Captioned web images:
[Start of section]
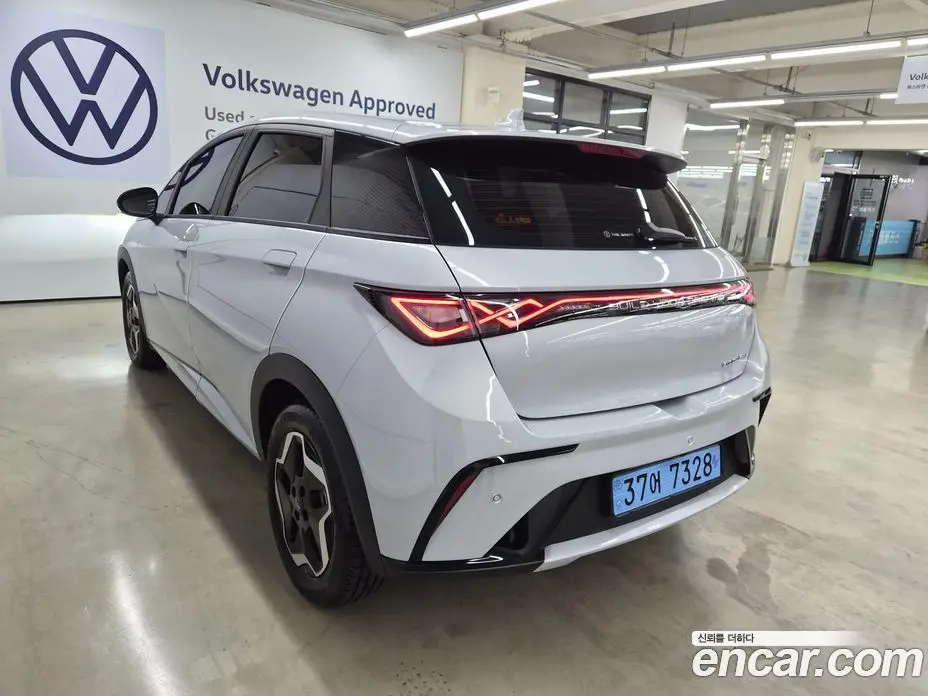 BYD Dolphin 2026 0.1 автомат (гидро), фото 18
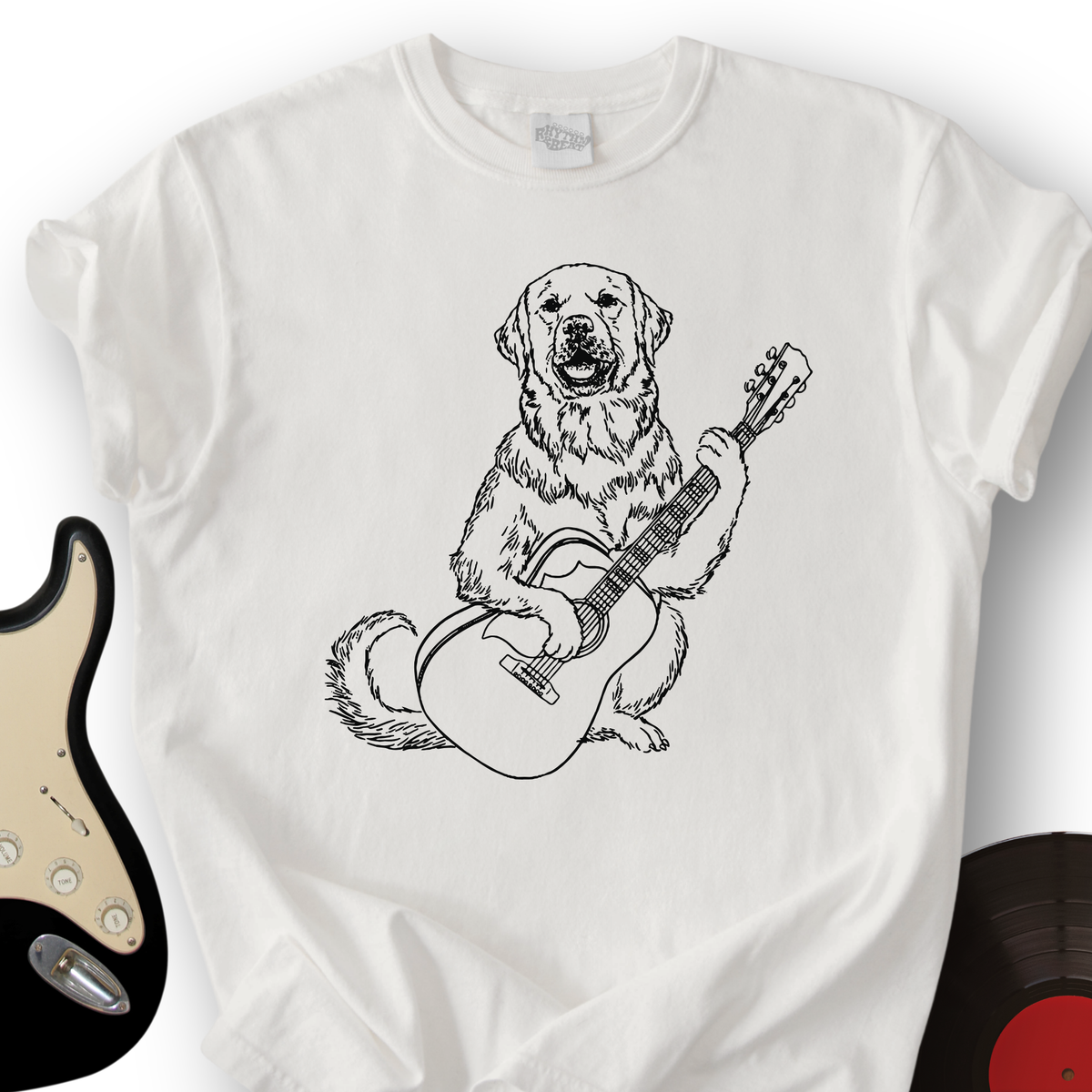 Golden T-Shirt product image 3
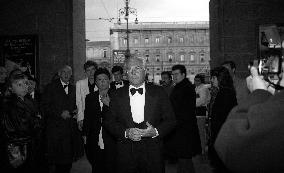 Fashion Designer Giorgio Armani Dead at 91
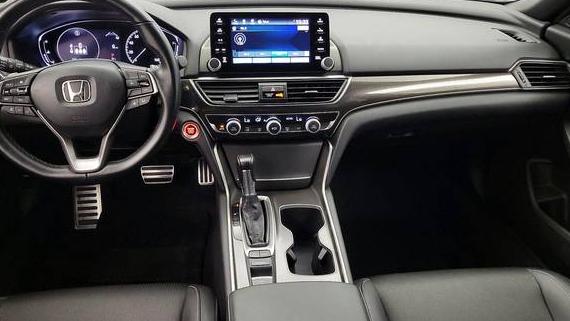 HONDA ACCORD 2021 1HGCV1F35MA094304 image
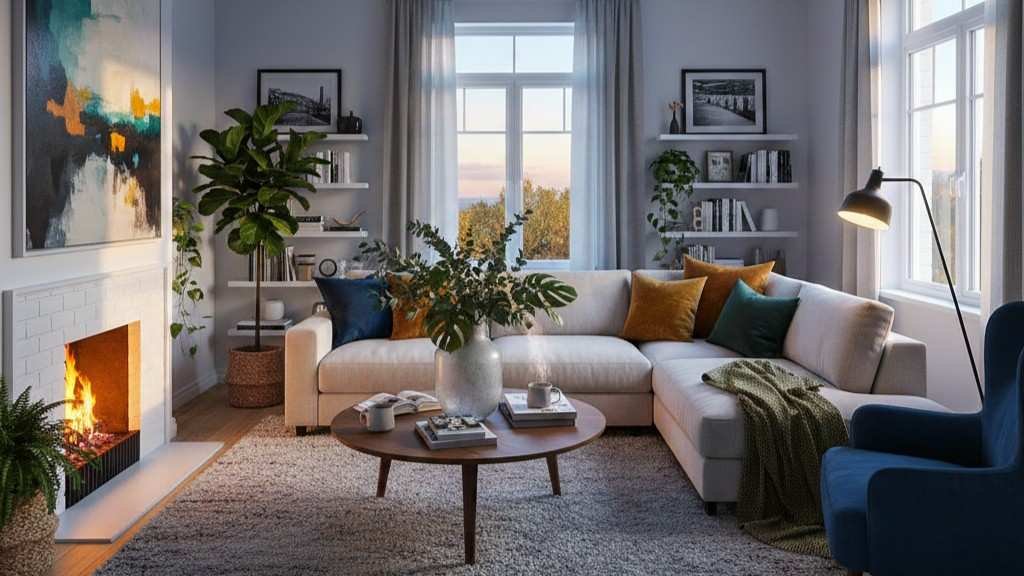 Colour Scheme for Drawing Room Trends and Timeless Tips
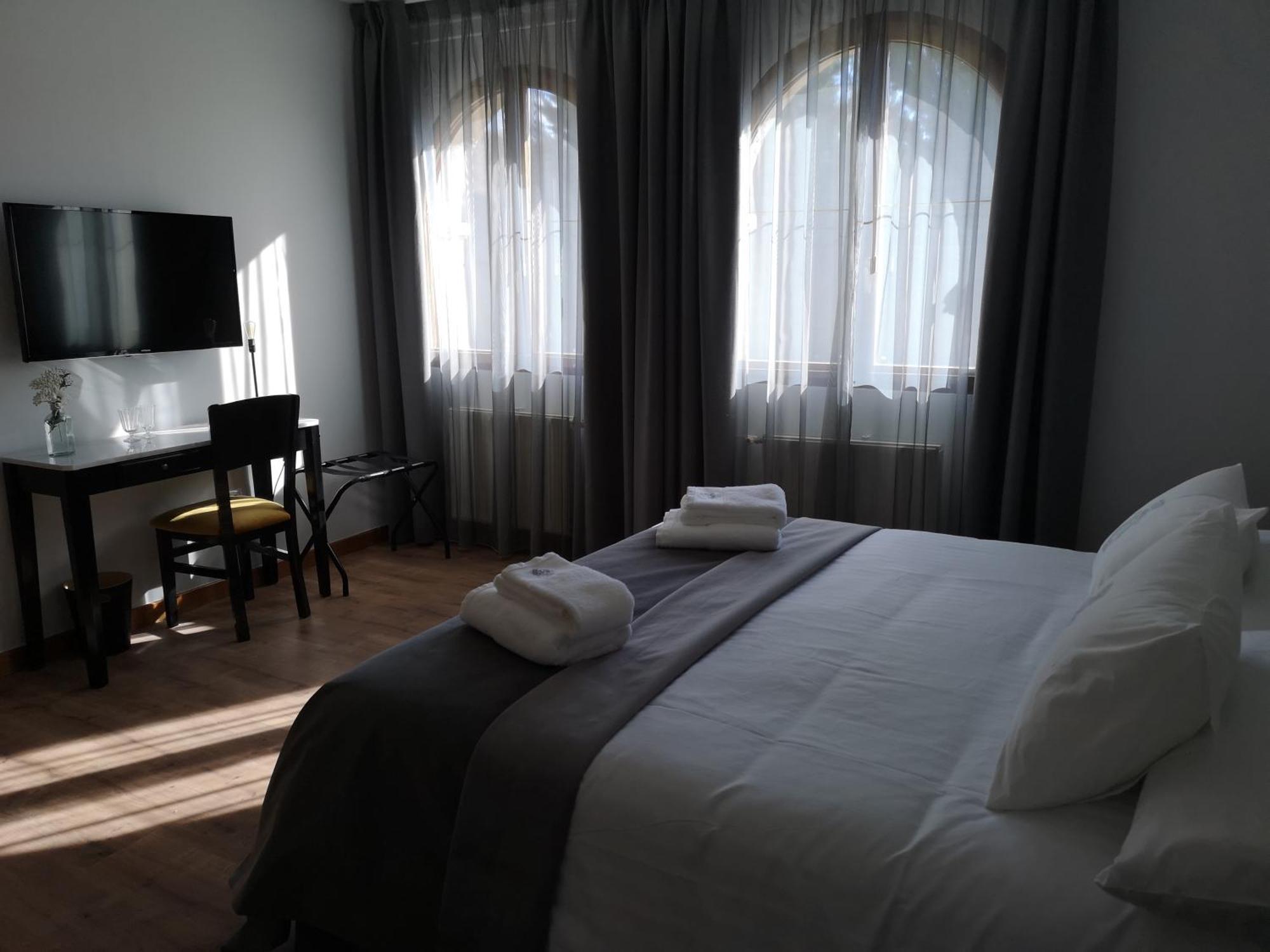 Hotel Monasterio De Tejeda Garaballa エクステリア 写真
[End of section]
## Try it
Reproduce every record exactly; images stay out.

## Solution to this problem
 BYD Dolphin 2026 0.1 автомат (гидро), фото 18
 Golden T-Shirt product image 3
 Fashion Designer Giorgio Armani Dead at 91
 HONDA ACCORD 2021 1HGCV1F35MA094304 image
 Colour Scheme for Drawing Room Trends and Timeless Tips
 Hotel Monasterio De Tejeda Garaballa エクステリア 写真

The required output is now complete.